- WHAT THE TASK ASKS
Provide only the number of lines in the records below that include "Near".
▼
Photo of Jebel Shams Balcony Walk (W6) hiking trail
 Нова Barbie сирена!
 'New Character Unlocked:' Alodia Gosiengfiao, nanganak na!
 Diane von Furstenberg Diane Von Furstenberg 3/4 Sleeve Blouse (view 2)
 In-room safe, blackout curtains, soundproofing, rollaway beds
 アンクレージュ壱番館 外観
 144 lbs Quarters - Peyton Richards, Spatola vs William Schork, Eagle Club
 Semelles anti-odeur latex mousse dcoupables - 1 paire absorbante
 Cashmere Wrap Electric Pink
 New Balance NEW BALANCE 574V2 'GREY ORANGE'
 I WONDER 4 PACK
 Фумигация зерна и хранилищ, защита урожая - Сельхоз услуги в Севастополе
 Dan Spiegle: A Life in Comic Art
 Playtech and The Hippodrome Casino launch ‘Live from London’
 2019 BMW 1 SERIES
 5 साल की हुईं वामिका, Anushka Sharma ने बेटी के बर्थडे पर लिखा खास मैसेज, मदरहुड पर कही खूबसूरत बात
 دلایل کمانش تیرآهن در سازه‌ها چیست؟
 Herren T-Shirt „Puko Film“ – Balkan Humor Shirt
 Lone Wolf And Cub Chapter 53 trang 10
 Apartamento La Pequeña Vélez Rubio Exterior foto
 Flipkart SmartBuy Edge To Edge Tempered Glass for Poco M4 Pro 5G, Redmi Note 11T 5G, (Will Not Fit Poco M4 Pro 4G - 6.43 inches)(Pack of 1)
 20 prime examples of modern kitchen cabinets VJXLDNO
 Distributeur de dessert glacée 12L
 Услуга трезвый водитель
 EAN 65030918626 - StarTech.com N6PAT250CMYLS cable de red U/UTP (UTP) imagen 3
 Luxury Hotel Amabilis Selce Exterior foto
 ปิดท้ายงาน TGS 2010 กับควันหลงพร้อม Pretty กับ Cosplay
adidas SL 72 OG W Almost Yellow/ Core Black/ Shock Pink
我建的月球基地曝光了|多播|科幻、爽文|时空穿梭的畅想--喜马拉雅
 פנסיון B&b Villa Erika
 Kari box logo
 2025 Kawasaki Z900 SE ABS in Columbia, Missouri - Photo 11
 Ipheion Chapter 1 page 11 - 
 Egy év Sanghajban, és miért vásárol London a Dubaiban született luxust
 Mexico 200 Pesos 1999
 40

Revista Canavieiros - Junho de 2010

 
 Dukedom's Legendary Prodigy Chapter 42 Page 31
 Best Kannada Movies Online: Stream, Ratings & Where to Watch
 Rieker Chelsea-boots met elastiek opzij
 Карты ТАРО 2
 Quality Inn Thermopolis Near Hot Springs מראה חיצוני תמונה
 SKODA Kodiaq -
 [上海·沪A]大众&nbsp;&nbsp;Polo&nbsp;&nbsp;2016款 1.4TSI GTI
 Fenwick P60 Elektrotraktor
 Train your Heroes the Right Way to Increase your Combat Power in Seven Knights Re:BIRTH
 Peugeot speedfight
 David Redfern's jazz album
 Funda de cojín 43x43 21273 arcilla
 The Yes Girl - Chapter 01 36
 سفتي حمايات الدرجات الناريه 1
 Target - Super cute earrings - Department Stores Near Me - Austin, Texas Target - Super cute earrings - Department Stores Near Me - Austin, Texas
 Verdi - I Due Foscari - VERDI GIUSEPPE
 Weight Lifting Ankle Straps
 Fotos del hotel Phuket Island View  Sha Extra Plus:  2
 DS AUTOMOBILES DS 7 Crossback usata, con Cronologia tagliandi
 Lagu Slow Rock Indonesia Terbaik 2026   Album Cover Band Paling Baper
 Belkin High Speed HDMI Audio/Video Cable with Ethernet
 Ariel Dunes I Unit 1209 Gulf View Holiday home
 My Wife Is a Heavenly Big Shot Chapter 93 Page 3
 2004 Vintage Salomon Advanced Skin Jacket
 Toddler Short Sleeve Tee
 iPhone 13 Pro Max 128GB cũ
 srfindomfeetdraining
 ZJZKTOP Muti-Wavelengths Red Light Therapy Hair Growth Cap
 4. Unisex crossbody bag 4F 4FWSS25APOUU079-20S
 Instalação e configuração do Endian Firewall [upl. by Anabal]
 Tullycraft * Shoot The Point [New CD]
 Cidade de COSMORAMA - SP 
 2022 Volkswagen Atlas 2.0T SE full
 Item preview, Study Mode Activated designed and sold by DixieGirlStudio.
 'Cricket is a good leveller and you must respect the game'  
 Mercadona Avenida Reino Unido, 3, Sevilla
▲
- ANSWER BOX
2